Even if existing CIS apply for registration, they will have to comply with the stringent regulations - immediately in some respect of some provisions and gradually in respect of some others What is also important is that existing CIS cannot launch any new scheme or even raise further money from existing schemes till a certificate of registration is granted. Existing schemes will also have to pay Rs 10 lakh registration fees though in two installments.

All in all, the above process is intended to simply exterminate a large number of existing schemes who do not comply with the regulations. Whether investors actually receive their money in whole or in part will have to be seen. Stringent accounting norms are now specifically provided for. Sebi has freely adopted from International Accounting Standards and Indian Accounting Standards and where the issue has not been specifically covered by these standards, Sebi has come out with its own accounting requirements. An important malpractice whereby subscription was recognised as income has now been specifically prohibited and all sums received from subscribers by whatever names called would be part of capital. Prudent requirements for writing off capital costs are also made which was another grey area.
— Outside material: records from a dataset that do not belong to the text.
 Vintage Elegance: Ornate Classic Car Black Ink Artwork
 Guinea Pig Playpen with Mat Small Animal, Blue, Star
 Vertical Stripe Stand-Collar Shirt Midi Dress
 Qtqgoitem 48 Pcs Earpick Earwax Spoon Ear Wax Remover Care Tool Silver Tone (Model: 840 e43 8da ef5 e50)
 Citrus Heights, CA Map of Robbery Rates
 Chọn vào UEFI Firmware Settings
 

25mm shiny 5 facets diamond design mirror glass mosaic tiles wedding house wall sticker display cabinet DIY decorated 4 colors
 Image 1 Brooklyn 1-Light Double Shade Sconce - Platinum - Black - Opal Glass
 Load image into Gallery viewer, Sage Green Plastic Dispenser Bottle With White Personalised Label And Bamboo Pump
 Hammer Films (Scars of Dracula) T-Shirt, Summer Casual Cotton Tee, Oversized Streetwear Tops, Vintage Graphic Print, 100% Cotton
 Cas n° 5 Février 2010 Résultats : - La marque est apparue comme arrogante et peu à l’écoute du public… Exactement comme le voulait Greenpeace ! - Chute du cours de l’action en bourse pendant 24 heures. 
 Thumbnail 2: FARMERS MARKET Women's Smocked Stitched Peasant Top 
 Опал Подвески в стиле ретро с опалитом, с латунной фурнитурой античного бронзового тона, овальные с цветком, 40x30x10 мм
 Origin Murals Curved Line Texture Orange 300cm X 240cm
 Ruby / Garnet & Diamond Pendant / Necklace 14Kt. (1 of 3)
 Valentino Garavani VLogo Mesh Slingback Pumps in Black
Finally, an interesting issue will be about tax treatment of the CIS and its investors. As stated earlier, the model suggested is that of the mutual funds and thus there will be a management company and a trust which will own the properties of the schemes on behalf of the investors. While this closely resembles mutual funds, mutual funds have liberal tax exemptions. At the fund level, they are eligible to exemption from tax. On distributions, there is a fairly low rate of tax in most cases but the unit-holders thereafter face no tax. However, no such provisions exist for CIS. Will therefore the CIS have to bear the highest rate of tax? What about the unit-holders - when and how much tax will they face? While the answer may depend on the facts of each case, it will be certainly an area of difficulty and specific provisions will need to be made in the Income-tax Act.

To conclude, we have finally a set of fairly comprehensive set of regulations which, while perhaps a little too strict, will help control the indiscriminate launching of new schemes while quickly eliminating the errant existing ones.